Richard Thaler and Susan Woodward paint her proposal as some massive interest rate ceiling:
What would happen if scheduled rate increases were halted? Although it might make some borrowers happy, such a freeze could potentially poison the mortgage market and quickly exacerbate the slump in housing prices. If lenders and investors do not receive the interest payments they expected, they will be wary going forward. Should they avoid providing funds for adjustable rate mortgages, since the government would have just proven that the terms can be changed if difficulty arises? Should they avoid all mortgages, since the government now seems to prioritize short-term concerns for borrowers? Maybe they should avoid lending in the United States altogether? Such a policy would clearly send a dangerous message far beyond our borders. Two trillion dollars of U.S. national debt is held by foreign governments. Interest rates on this debt are low in part because foreigners trust the U.S. to pay back its loans as promised. The rates would surely be higher if its holders thought the U.S. could renege on its promises to pay. But this is precisely the expectation America would encourage by unilaterally changing the terms on $2 trillion in mortgages held by investors around the world.
While that sounds awful, let’s back up a second:
In an older posting on her Web site, Senator Clinton describes the policy as applying only to sub-prime mortgages. But most of her recent speeches do not include that qualifier, and since Hillary is nothing if not careful, one can only conclude she is either expanding her proposal to all adjustable rate mortgages, or at least would like voters to think so.
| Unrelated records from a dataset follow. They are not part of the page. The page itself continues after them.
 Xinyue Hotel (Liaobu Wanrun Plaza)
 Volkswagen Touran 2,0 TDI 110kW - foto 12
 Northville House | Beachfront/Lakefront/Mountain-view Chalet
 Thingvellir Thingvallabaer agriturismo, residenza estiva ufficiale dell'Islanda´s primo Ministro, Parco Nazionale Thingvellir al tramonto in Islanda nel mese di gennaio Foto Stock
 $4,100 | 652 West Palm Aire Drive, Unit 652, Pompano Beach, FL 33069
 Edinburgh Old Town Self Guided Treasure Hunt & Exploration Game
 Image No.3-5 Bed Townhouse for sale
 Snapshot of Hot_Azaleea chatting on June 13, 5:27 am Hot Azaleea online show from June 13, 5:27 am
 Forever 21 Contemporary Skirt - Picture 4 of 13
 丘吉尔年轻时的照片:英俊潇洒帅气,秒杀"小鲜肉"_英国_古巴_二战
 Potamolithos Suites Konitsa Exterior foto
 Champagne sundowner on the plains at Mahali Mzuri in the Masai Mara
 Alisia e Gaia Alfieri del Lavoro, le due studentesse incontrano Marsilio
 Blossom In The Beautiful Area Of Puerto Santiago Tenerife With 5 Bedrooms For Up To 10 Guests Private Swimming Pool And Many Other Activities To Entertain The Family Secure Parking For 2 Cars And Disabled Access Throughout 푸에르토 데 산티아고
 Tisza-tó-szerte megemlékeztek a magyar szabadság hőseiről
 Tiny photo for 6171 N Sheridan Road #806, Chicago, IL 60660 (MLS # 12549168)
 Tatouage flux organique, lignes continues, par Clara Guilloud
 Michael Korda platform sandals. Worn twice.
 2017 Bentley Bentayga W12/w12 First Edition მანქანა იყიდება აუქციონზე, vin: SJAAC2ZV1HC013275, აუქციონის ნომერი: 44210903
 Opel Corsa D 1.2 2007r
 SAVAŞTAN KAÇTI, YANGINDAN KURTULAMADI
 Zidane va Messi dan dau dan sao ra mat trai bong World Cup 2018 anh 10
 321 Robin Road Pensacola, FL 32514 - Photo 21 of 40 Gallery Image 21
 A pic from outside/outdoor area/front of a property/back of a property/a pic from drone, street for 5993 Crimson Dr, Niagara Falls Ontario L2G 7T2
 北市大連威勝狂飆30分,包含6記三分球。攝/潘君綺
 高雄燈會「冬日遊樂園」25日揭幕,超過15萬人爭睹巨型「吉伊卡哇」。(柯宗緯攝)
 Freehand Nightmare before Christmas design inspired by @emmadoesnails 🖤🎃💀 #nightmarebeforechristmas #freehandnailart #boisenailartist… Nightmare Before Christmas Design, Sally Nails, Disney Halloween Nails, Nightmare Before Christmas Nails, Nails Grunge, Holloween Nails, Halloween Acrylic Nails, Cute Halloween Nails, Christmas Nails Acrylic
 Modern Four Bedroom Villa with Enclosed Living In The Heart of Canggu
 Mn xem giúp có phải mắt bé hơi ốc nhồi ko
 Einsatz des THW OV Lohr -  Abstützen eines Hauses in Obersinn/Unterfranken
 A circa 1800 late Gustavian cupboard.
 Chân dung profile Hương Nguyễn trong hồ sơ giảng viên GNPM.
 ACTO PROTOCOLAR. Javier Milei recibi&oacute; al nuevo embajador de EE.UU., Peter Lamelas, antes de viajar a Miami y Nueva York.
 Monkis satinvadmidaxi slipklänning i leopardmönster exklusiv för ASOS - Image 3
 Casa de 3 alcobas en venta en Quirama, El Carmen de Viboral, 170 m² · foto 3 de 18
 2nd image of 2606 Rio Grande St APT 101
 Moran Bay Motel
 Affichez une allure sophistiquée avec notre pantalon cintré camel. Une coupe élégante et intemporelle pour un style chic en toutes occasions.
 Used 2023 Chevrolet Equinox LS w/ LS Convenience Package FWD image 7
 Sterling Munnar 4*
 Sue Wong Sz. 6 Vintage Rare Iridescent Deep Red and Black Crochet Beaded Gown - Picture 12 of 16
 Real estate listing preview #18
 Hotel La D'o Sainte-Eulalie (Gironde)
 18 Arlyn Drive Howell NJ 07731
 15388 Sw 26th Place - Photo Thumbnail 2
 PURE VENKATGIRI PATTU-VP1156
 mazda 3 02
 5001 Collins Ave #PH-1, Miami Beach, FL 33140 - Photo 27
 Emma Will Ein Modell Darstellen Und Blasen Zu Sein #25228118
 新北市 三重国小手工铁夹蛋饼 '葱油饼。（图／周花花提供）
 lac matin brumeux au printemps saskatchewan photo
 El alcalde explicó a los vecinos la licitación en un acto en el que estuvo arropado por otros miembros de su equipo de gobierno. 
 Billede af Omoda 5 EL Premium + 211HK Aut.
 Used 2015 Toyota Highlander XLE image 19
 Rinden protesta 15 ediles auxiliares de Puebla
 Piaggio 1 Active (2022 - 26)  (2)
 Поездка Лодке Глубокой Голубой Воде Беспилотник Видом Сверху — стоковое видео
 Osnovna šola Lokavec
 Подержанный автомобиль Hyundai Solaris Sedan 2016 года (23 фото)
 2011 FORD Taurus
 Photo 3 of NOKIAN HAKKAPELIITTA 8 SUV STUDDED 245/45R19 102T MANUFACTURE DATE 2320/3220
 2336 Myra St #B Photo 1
Thaler and Woodward later concede:
The Clinton proposal is a blunt tool applied too broadly to problems that are, in principle, contained and specific. Only 3.1 percent of prime (good credit) ARM loans are seriously (90 days or more) delinquent. The disconcerting delinquency rate of 16 percent is for the subprime sector–which is alarming, to be sure, but 84 percent are not seriously delinquent. Over the last three years there was an unusually large volume of aggressive lending activity with flaws at several levels. Some borrowers were led into loans they did not understand. These people deserve some concern. Other loans were made to speculators who do not live in the homes and were betting that house prices would continue to go up. The inhabitants of these homes deserve our concern, but the investors do not. It is now clear that there were too few checks and controls to assure reasonable loan underwriting practices (for example, no escrow accounts for taxes and insurance) or even good recordkeeping. An accurate assessment of the current mortgage problem would probably reveal no more than 700,000 loans with distressed borrowers. Why, then, would the U.S. government rewrite eleven million loans, or even all 3.4 million subprime mortgages? Any intervention should be targeted at the borrowers who are truly in trouble, especially those who were likely duped by unscrupulous mortgage lenders. The numbers suggest these victims are disproportionately poor, young, and African American. Looking forward, the government needs to take steps to make this market more transparent and make it easier for borrowers to make good choices. But it would be irresponsible to do this by ruling millions of legal contracts null and void.
Could there be common ground here? Thaler and Woodward argue for a targeted approach as opposed to some broad based “command-and-control approach”. Their recommendation makes sense to me as seems to be what Senator Clinton may have been saying in that older posting.